Short descriptive text snippets
------------------------

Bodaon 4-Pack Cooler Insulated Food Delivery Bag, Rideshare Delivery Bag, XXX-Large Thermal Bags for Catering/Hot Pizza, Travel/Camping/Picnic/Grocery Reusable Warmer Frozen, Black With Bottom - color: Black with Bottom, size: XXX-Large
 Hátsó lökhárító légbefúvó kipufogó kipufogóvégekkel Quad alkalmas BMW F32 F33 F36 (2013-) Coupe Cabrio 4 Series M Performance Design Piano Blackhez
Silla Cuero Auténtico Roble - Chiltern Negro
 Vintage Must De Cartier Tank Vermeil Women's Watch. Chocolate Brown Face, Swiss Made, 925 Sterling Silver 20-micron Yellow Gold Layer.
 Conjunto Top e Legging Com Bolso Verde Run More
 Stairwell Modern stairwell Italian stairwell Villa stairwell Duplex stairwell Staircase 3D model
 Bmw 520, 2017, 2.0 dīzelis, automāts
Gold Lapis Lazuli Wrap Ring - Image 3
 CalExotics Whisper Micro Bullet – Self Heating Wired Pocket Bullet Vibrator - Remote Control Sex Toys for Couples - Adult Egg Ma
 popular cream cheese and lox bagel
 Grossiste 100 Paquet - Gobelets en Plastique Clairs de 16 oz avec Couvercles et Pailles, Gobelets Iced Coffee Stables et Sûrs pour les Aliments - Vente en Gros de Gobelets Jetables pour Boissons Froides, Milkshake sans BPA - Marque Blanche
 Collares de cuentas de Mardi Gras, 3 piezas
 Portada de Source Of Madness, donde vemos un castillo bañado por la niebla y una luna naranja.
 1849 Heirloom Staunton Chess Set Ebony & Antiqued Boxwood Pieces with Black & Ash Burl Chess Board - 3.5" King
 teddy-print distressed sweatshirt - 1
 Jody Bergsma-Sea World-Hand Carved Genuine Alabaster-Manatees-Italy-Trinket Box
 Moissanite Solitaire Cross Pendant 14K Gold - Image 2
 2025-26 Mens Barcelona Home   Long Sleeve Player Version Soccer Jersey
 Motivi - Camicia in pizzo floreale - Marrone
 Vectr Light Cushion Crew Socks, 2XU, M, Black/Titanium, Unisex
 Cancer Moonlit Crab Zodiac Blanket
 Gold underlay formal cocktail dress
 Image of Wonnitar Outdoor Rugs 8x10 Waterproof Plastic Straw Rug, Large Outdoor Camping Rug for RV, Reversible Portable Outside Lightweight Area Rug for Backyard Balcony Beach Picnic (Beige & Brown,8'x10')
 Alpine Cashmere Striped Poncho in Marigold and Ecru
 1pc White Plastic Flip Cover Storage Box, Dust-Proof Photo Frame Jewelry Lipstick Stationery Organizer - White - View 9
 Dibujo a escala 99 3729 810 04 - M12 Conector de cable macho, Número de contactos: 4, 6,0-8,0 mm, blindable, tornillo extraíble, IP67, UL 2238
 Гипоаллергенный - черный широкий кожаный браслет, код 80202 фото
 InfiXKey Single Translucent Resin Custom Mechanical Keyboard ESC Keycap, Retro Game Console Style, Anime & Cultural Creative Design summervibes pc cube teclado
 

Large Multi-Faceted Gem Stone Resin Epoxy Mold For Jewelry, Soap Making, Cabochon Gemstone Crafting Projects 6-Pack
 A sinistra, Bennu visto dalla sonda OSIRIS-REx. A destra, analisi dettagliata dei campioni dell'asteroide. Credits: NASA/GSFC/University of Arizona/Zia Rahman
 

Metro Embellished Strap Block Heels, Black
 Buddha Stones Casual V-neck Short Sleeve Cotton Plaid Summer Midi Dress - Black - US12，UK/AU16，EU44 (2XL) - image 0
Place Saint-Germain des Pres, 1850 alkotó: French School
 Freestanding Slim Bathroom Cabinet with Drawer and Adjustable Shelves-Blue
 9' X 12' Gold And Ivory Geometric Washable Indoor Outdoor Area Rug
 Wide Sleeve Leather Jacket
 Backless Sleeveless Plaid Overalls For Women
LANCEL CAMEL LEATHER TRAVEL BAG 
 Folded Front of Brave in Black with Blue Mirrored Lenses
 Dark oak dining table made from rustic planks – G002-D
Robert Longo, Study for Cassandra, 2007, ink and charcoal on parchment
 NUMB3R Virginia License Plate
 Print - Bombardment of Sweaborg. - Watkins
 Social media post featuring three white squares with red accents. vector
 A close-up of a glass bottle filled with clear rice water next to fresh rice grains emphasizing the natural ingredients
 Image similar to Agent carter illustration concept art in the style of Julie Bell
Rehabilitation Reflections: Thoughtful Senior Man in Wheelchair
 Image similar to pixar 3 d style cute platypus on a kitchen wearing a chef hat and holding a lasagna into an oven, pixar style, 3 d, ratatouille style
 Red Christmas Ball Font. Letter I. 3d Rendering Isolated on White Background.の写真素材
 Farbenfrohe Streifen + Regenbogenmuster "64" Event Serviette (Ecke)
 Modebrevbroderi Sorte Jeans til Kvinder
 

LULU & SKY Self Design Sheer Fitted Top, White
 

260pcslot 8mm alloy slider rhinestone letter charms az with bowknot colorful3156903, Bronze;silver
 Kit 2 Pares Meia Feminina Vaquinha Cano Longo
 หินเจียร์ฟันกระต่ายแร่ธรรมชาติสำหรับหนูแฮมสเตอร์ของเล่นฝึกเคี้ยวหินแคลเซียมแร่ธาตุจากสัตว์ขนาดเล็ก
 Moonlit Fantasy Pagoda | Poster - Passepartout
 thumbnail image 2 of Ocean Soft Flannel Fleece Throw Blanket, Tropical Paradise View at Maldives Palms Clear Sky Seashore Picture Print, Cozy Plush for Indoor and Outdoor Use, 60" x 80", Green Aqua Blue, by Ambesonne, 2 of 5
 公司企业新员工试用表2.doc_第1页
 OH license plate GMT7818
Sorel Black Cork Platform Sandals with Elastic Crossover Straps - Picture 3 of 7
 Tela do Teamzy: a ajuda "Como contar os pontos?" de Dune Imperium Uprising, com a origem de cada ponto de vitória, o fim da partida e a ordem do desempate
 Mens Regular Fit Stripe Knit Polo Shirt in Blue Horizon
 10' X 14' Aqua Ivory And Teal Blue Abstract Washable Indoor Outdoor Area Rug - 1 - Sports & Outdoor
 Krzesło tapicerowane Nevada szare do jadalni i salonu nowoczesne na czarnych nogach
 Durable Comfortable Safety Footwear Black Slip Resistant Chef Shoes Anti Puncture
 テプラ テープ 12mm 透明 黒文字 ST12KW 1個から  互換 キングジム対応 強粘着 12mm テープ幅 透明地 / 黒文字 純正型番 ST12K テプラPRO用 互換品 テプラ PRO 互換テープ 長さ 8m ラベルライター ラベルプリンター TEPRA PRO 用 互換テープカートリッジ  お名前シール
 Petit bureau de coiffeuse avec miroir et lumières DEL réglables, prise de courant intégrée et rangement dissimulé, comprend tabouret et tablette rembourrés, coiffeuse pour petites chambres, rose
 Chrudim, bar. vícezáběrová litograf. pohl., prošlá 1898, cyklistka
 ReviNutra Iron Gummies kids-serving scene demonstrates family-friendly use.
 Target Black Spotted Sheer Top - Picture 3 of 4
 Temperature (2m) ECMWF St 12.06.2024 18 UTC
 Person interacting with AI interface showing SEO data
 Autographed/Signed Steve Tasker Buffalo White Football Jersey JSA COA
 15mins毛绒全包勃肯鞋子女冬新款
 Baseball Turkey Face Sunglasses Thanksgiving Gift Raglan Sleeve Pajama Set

------------------------

[GOAL OF THE EXERCISE]
Exactly the lines from the one containing "テプラ テープ 12mm" through the end of the records above are to be printed, and no others.

[TASK RESPONSE]
 テプラ テープ 12mm 透明 黒文字 ST12KW 1個から  互換 キングジム対応 強粘着 12mm テープ幅 透明地 / 黒文字 純正型番 ST12K テプラPRO用 互換品 テプラ PRO 互換テープ 長さ 8m ラベルライター ラベルプリンター TEPRA PRO 用 互換テープカートリッジ  お名前シール
 Petit bureau de coiffeuse avec miroir et lumières DEL réglables, prise de courant intégrée et rangement dissimulé, comprend tabouret et tablette rembourrés, coiffeuse pour petites chambres, rose
 Chrudim, bar. vícezáběrová litograf. pohl., prošlá 1898, cyklistka
 ReviNutra Iron Gummies kids-serving scene demonstrates family-friendly use.
 Target Black Spotted Sheer Top - Picture 3 of 4
 Temperature (2m) ECMWF St 12.06.2024 18 UTC
 Person interacting with AI interface showing SEO data
 Autographed/Signed Steve Tasker Buffalo White Football Jersey JSA COA
 15mins毛绒全包勃肯鞋子女冬新款
 Baseball Turkey Face Sunglasses Thanksgiving Gift Raglan Sleeve Pajama Set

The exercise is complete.